The council chair job is listed in the state law covering cabinet-level salaries as jobs that can be paid up to 120 percent of the governor’s pay of $120,000.
Haigh, the chief executive officer and president of Twin Cities Habitat for Humanity, said she supports the move. “I’ve been working hard to make a part-time position work with my responsibilities at Twin Cities Habitat for Humanity and it has been a challenge,” Haig said.
She said the responsibilities of the council have growth with the growth of the region and noted that it is currently in the midst of four major mass transit projects — expansions of both the Green Line and Blue Line light rail and the Gateway Corridor and Orange Line bus rapid transit routes.
“These projects require extensive engagement with the community, with business leaders and with elected officials,” Haigh said. “They require a lot of time and attention.”
That’s not to say that some who served didn’t devote more than part-time hours. But the compensation was almost half what the governor’s other cabinet members were paid, and came without benefits.
“It’s not full-time. It’s not even a job,” said Curtis Johnson who was the first chair of the council after it was reconstituted in 1994. The pay, about $61,000 now, was a stipend rather than a salary. Johnson, appointed by former Gov. Arne Carlson to be the council chair in 1995, said different chairs have been able to devote differing amounts of hours to the position. He estimates that he devoted 80 percent of his time, that Ted Mondale was able to give between 50 and 60 percent and that the longest-serving chair, Peter Bell, devoted “110 percent.”
“Without anyone formally declaring it so, it has become a full time position,” Johnson said. “The scope of the council's work, the political tension that constantly swirls around it, and the competitive stakes for how the region's underlying assets get managed — all come together to make this responsibility something you cannot do well part time. Times change. Assumptions have to as well.”

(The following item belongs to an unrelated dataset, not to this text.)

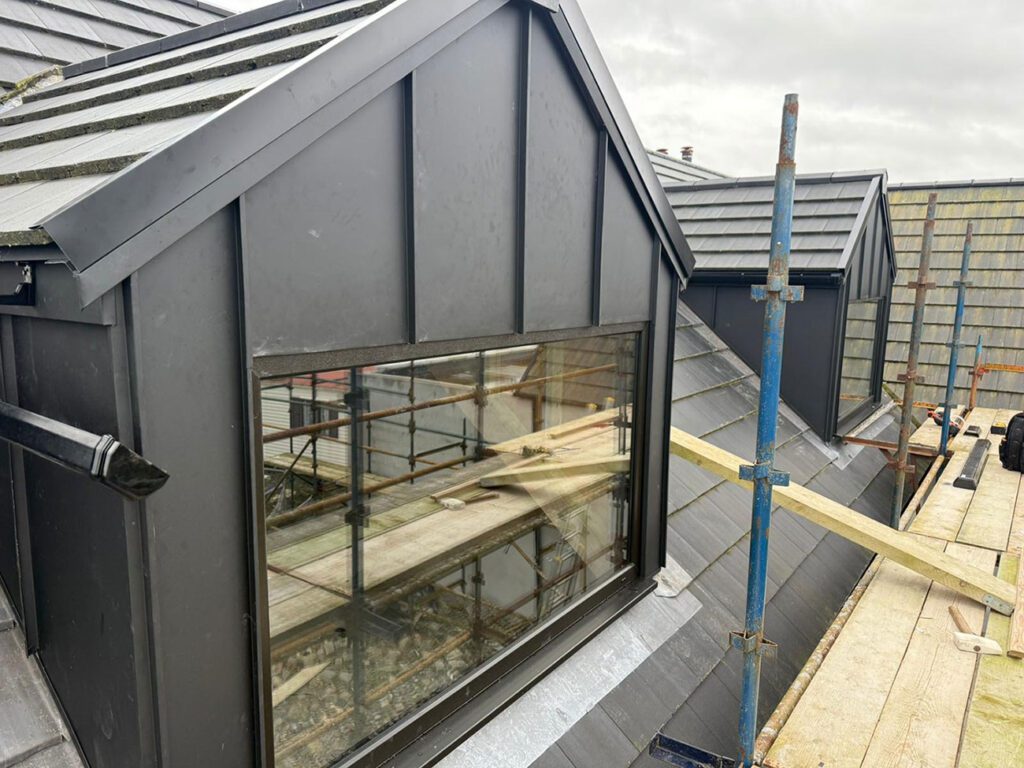 Dormers done with Black elzinc aluminium standing seam panels and a Strata waterproofing PVC single ply balcony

When he left the position in 2010 after eight years, Peter Bell said he believed the chair should be full-time. He hasn’t changed his mind, and thinks the move isn’t the only change needed, that some change to how the rest of the council is selected should also be considered. “I also think the policy questions surrounding the Council go far beyond the full- or part-time status of the chair.”
Myron Orfield, a University of Minnesota law professor who sponsored the bill that modernized the Met Council in 1994, said he thinks the chair should be a full-time part of the governor’s cabinet. “I think that would make a big difference. I think it is an inherently interesting job, but its time demands are really full time and require a pretty seasoned person.”

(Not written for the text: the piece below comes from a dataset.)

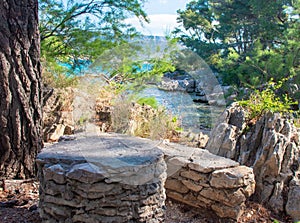Old stone and chairs made from rocks hidden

Haigh was considered just such a person when appointed by Dayton at the beginning of his first term. She was a Met Council staff attorney early in her career and has also been an assistant county attorney in Dakota County, chief deputy county attorney in Ramsey County and an elected Ramsey County commissioner.
But she said she doesn’t think she would have accepted the appointment in 2011 had it required her leaving her job with Habitat. She balanced her dual duties by scheduling daytime Met Council meetings for Monday mornings and all-day Wednesday.
“I’m not sure I would have taken (a full-time position) because I am committed to my work at Habitat,” she said. “I’m very excited about my work there.”